→ What the task requires:
Beginning with the line where "TOYOTA C-HR 2.0i" appears, please restate each line of the records below word for word until the last one, inclusive, and nothing else.

→ Caption-style text data:
....
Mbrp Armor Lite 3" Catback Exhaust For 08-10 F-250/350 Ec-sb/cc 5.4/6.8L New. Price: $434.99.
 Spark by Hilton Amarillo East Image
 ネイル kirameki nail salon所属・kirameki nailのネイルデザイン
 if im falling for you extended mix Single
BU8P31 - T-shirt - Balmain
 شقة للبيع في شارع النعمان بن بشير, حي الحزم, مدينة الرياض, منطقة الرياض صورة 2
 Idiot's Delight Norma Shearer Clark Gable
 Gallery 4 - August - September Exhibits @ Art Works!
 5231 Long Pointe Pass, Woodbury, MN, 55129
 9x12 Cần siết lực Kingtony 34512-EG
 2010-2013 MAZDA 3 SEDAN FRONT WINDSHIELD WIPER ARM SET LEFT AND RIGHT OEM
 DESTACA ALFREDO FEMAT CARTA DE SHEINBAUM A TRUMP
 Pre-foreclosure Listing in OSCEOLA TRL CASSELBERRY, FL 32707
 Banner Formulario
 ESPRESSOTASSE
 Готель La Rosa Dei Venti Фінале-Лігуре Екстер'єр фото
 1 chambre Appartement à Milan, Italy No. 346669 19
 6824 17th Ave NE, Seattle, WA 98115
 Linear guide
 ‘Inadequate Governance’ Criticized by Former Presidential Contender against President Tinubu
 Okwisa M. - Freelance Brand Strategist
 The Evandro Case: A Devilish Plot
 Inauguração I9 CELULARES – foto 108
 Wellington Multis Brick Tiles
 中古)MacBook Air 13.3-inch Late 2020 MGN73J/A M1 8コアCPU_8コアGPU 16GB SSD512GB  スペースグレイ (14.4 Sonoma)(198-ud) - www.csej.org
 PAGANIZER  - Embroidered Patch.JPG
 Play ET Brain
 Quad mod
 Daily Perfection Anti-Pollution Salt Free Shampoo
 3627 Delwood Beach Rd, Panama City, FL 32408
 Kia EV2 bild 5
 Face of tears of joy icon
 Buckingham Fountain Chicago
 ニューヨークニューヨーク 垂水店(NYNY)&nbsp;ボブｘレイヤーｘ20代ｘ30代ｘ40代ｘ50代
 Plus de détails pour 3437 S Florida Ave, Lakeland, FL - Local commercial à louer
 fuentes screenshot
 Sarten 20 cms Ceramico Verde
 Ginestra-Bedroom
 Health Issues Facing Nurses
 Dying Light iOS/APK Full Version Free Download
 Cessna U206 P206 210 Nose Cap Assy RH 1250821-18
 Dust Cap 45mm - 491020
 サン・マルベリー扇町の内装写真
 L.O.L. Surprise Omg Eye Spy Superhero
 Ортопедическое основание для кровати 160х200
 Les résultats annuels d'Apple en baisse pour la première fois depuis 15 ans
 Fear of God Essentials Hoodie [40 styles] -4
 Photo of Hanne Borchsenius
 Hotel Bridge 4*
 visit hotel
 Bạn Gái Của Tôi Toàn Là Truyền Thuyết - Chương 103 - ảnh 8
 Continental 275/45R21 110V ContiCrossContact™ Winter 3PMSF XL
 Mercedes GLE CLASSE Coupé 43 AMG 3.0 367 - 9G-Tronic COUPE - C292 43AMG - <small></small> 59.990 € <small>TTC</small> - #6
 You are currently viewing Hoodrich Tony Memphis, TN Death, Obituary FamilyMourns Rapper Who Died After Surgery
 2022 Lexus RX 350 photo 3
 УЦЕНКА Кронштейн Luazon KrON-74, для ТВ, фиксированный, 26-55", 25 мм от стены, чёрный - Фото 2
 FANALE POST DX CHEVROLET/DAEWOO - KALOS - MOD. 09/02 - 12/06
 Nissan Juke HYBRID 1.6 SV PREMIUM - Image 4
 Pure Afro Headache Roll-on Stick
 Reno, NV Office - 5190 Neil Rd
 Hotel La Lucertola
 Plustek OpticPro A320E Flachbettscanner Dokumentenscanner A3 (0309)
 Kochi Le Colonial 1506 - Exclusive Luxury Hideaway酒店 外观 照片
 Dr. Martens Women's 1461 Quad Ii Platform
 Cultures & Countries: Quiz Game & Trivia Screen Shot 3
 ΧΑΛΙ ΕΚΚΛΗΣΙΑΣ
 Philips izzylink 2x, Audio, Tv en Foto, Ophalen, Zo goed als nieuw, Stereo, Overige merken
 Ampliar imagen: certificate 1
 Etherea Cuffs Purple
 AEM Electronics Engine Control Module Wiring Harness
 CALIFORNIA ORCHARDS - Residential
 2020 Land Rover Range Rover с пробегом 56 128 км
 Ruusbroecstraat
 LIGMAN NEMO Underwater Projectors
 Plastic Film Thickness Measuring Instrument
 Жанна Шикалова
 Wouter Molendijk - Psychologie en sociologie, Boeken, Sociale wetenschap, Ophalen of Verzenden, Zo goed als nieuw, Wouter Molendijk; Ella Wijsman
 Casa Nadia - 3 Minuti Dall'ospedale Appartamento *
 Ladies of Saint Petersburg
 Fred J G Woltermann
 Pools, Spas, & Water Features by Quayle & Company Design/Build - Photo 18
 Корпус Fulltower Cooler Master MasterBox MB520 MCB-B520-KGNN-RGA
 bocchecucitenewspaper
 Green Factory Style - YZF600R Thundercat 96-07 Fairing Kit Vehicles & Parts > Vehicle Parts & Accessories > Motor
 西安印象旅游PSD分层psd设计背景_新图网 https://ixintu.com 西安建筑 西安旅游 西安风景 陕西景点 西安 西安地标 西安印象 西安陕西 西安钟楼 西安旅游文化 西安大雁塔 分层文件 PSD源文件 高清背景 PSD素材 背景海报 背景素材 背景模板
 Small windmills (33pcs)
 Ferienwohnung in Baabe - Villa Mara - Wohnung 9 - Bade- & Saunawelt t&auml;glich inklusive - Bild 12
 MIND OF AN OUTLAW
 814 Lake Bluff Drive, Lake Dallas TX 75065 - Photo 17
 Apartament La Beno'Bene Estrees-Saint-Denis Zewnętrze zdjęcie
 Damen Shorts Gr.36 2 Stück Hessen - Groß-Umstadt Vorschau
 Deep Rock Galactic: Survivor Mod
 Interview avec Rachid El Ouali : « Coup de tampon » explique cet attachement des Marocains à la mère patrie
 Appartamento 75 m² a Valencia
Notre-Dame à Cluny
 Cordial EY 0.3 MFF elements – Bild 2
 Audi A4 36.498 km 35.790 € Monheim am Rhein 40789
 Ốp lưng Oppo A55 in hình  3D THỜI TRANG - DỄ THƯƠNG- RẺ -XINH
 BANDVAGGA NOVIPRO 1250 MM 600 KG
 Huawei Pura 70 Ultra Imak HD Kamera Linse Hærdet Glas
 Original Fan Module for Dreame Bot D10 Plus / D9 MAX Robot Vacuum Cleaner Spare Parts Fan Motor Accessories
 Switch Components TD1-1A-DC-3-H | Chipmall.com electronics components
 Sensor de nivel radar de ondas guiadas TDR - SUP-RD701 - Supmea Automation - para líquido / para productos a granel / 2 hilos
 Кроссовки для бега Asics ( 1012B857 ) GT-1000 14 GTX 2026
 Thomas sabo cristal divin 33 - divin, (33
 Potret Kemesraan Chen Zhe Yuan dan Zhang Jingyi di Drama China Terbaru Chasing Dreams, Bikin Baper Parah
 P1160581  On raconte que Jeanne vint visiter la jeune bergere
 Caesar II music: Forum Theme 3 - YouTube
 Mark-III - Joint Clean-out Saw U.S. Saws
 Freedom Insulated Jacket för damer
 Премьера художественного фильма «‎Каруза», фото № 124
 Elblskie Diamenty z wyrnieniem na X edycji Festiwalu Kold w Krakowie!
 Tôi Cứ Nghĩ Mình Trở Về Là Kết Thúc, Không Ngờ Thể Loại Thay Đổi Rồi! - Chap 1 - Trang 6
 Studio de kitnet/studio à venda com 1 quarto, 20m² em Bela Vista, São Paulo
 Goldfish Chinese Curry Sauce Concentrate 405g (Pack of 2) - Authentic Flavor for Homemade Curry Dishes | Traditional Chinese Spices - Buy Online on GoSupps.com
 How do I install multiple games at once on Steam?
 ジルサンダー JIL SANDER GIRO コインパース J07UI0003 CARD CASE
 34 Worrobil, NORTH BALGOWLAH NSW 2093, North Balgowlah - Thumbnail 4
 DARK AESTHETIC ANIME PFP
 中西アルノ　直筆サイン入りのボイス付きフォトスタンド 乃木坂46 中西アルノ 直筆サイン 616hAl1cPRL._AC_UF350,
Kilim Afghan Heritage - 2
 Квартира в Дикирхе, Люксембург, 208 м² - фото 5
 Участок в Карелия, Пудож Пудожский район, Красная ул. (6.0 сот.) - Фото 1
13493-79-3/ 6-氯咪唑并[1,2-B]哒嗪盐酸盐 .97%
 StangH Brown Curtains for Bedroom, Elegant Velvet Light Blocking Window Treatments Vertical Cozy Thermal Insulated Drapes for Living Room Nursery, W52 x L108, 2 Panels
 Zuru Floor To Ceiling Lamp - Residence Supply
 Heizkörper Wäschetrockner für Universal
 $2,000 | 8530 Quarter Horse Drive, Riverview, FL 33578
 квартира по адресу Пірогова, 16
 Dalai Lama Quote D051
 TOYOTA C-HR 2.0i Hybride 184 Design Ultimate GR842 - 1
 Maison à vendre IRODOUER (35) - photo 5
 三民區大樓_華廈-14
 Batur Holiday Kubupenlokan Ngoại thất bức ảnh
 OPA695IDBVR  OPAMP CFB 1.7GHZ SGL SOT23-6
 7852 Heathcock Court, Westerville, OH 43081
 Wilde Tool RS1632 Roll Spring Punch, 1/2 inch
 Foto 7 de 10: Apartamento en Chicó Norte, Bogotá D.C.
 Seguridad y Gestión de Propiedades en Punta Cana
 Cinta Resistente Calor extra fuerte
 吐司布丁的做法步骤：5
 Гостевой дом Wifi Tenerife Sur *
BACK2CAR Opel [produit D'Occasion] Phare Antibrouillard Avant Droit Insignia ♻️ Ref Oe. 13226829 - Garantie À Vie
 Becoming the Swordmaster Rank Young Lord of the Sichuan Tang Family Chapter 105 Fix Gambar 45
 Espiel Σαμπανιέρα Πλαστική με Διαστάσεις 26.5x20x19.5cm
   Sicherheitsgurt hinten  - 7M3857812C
....
→ Task solution:
 TOYOTA C-HR 2.0i Hybride 184 Design Ultimate GR842 - 1
 Maison à vendre IRODOUER (35) - photo 5
 三民區大樓_華廈-14
 Batur Holiday Kubupenlokan Ngoại thất bức ảnh
 OPA695IDBVR  OPAMP CFB 1.7GHZ SGL SOT23-6
 7852 Heathcock Court, Westerville, OH 43081
 Wilde Tool RS1632 Roll Spring Punch, 1/2 inch
 Foto 7 de 10: Apartamento en Chicó Norte, Bogotá D.C.
 Seguridad y Gestión de Propiedades en Punta Cana
 Cinta Resistente Calor extra fuerte
 吐司布丁的做法步骤：5
 Гостевой дом Wifi Tenerife Sur *
BACK2CAR Opel [produit D'Occasion] Phare Antibrouillard Avant Droit Insignia ♻️ Ref Oe. 13226829 - Garantie À Vie
 Becoming the Swordmaster Rank Young Lord of the Sichuan Tang Family Chapter 105 Fix Gambar 45
 Espiel Σαμπανιέρα Πλαστική με Διαστάσεις 26.5x20x19.5cm
   Sicherheitsgurt hinten  - 7M3857812C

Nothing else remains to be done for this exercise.